--- Source data ---

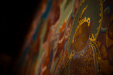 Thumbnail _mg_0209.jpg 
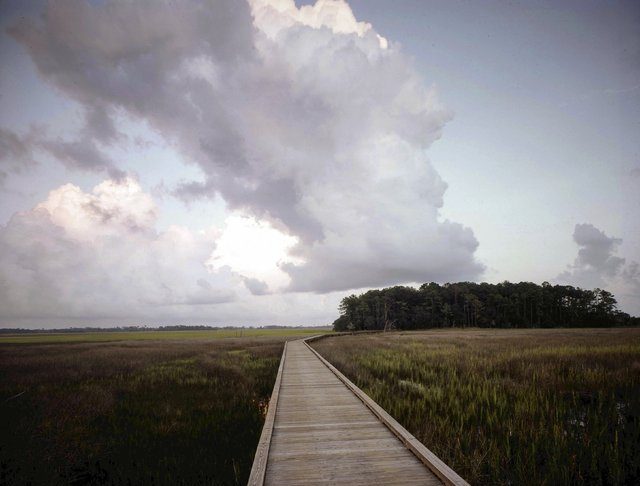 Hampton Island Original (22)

---
--- Source data ---

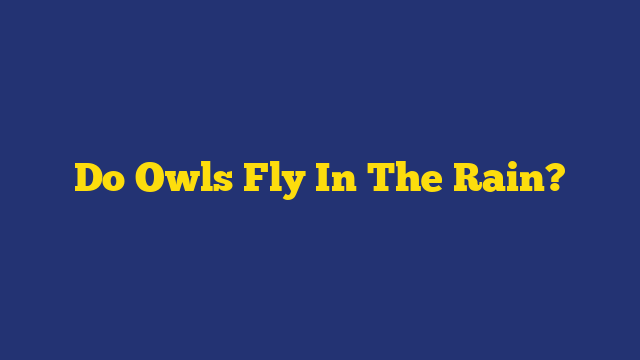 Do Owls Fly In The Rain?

---
--- Source data ---

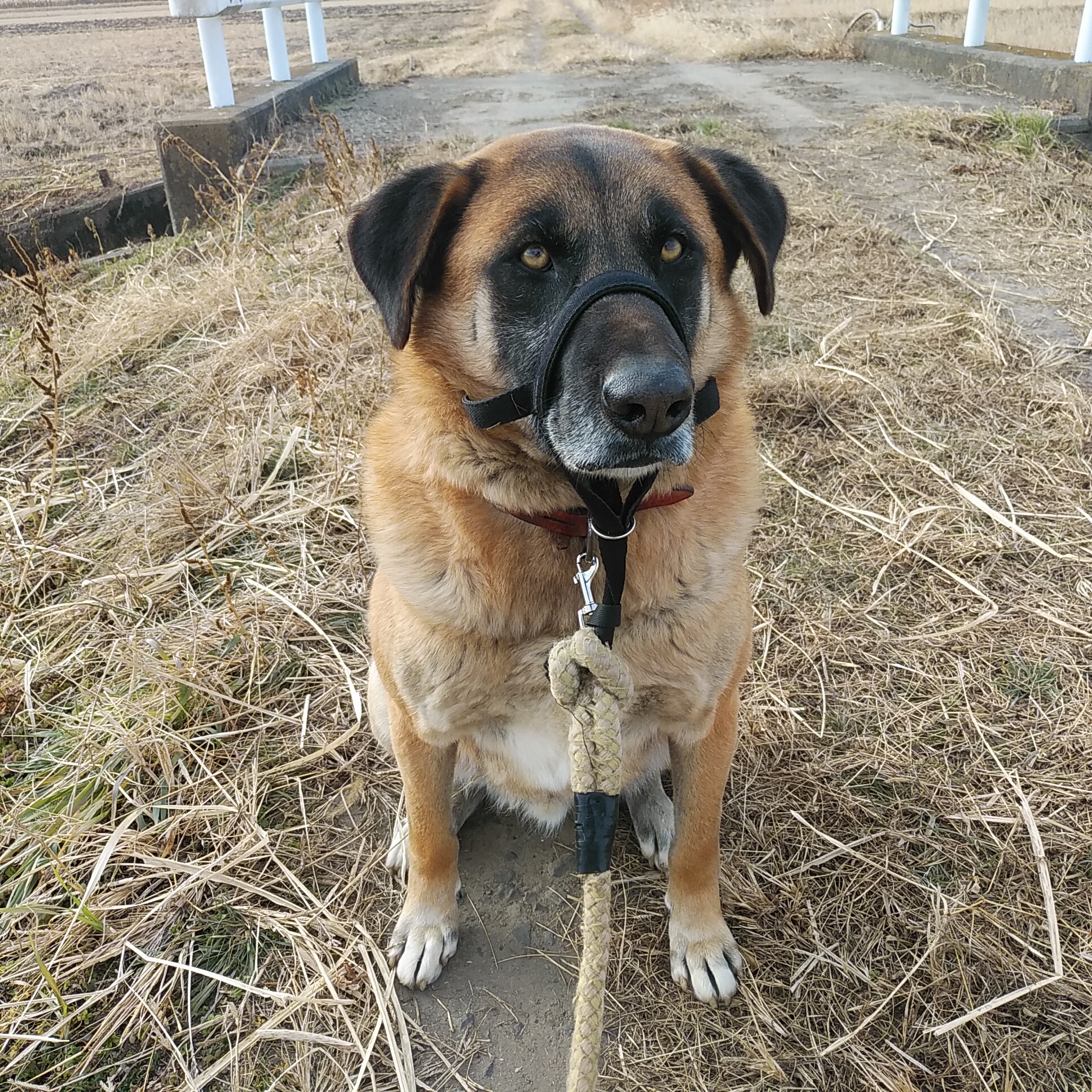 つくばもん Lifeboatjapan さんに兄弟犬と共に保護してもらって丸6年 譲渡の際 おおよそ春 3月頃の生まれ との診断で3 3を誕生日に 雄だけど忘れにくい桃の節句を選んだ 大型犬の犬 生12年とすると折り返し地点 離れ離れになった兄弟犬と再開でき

---

## Aim of the exercise
Every line above in the stretch from the one with "Thumbnail _mg_0209.jpg" through the one with "Hampton Island Original (22)" is to be transcribed exactly, ends included. No picture is copied.

## Result of this exercise
 Thumbnail _mg_0209.jpg 
 Hampton Island Original (22)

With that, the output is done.